Friday 9 September 2016

Before And After The Event

SM Stirling, Against The Tide Of Years (New York, 1999).

Words change their meanings with context. "After the Event" means since Nantucket arrived in the prehistoric past, which thus became the Nantucketers' present, whereas "Before the Event" refers to their memories of a twentieth century that does not exist in their current timeline.

By 8 A.E., some Nantucketers have had children who are now a few years old and thus are beginning to learn about the world although their entire lives to date have been "After the Event." Some Nantucketers are a few years older but nevertheless too young to have many memories from "Before the Event."

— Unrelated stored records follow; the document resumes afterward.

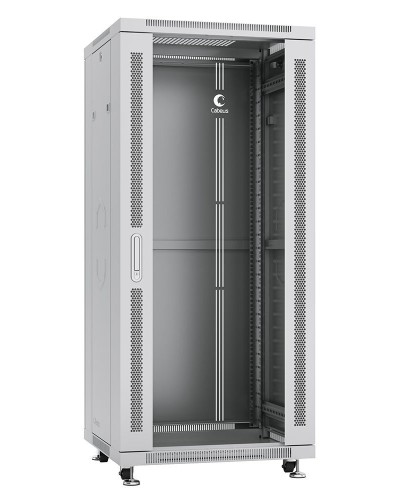 SH-05C-27U60/100 (7055c). Шкаф телекоммуникационный 19 напольный 27U. CABEUS в Первоуральске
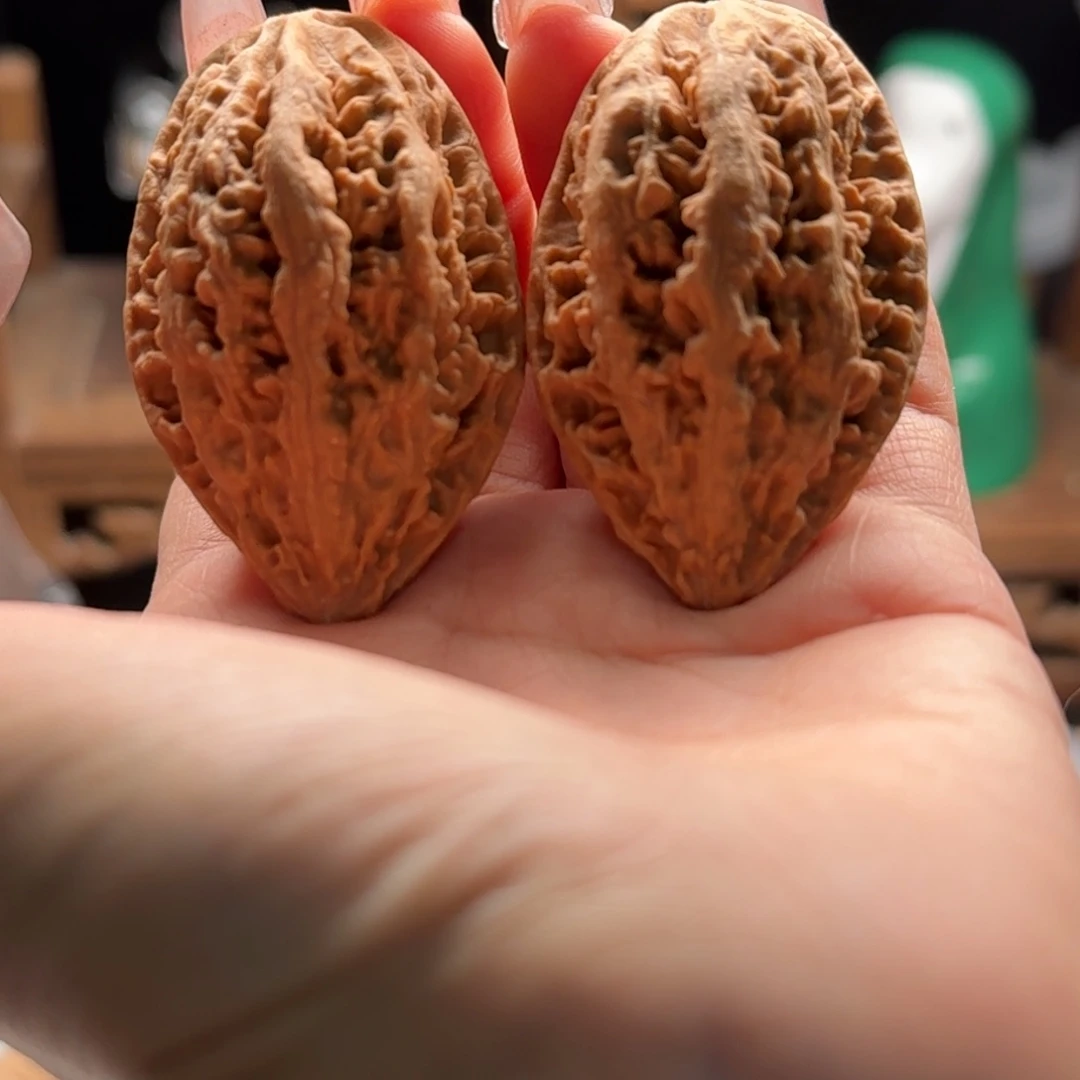 文玩核桃把件关东木子楸百核20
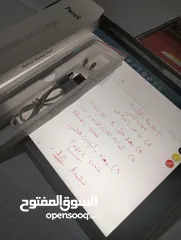 7 قلم آيباد يدعم راحة اليد
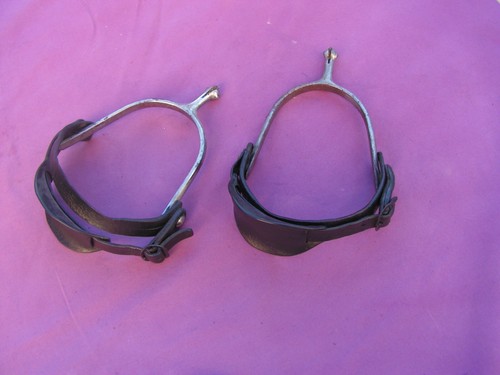 Paire eperons chasseur afrique - paire,
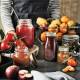 Weck jar Fido 5 litres round with print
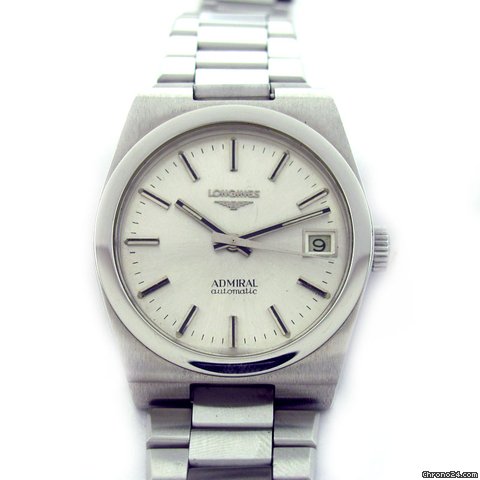 Longines ADMIRAL DATE AUTOMATIC WATCH watches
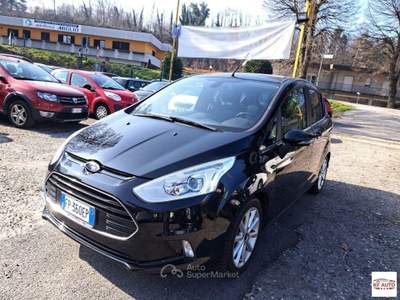 Ford B-Max  1.4 Titanium Gpl 90cv E6 Nero usata Borgo Ticino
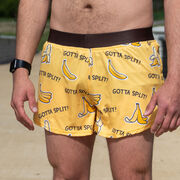 Running Streaker Shorts - Gotta Split 4" Inseam - Mens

Poul Anderson's Time Patrollers have past bases that exist for a very long time - the Academy for half a million years - but they do not start communities to exist for many generations in the past whereas the Nantucketers have no choice in the matter.

3 comments:

Sean M. Brooks said...

Kaor, Paul!

I would not have said the Nantucketers found themselves stranded in the "pre-historic" past. The ancient civilizations of Egypt and Mesopotamia had been literate for at least 2000 years, after all. And even Achaean Greece had been literate for a long time, despite the clumsy script they then used. And, of course there was the literate culture of Shang Dynasty China, among several others!

Sean

Paul Shackley said...

Sean,
Not prehistoric? Maybe a mixture? North America was prehistoric and Agamemnon is not a historical figure.
Paul.

Sean M. Brooks said...

Kaor, Paul

I should have said that PARTS of the world Nantucket found itself in was still "pre-historic." Including the Americas, because I don't think the Olmecs had yet developed any kind of writing.

There MIGHT have been a real king of Mycenae called "Agamemnon." I do agree he was probably did not strongly resemble the Homeric Agamemnon.

But, King Shagarakti-Shuriash and his Kastiliash IV of Babylon were real, actual, historical figures. And so was their enemy Tukulti-Ninurta of Assyria and contemporaries such as Ramesses II of Egypt.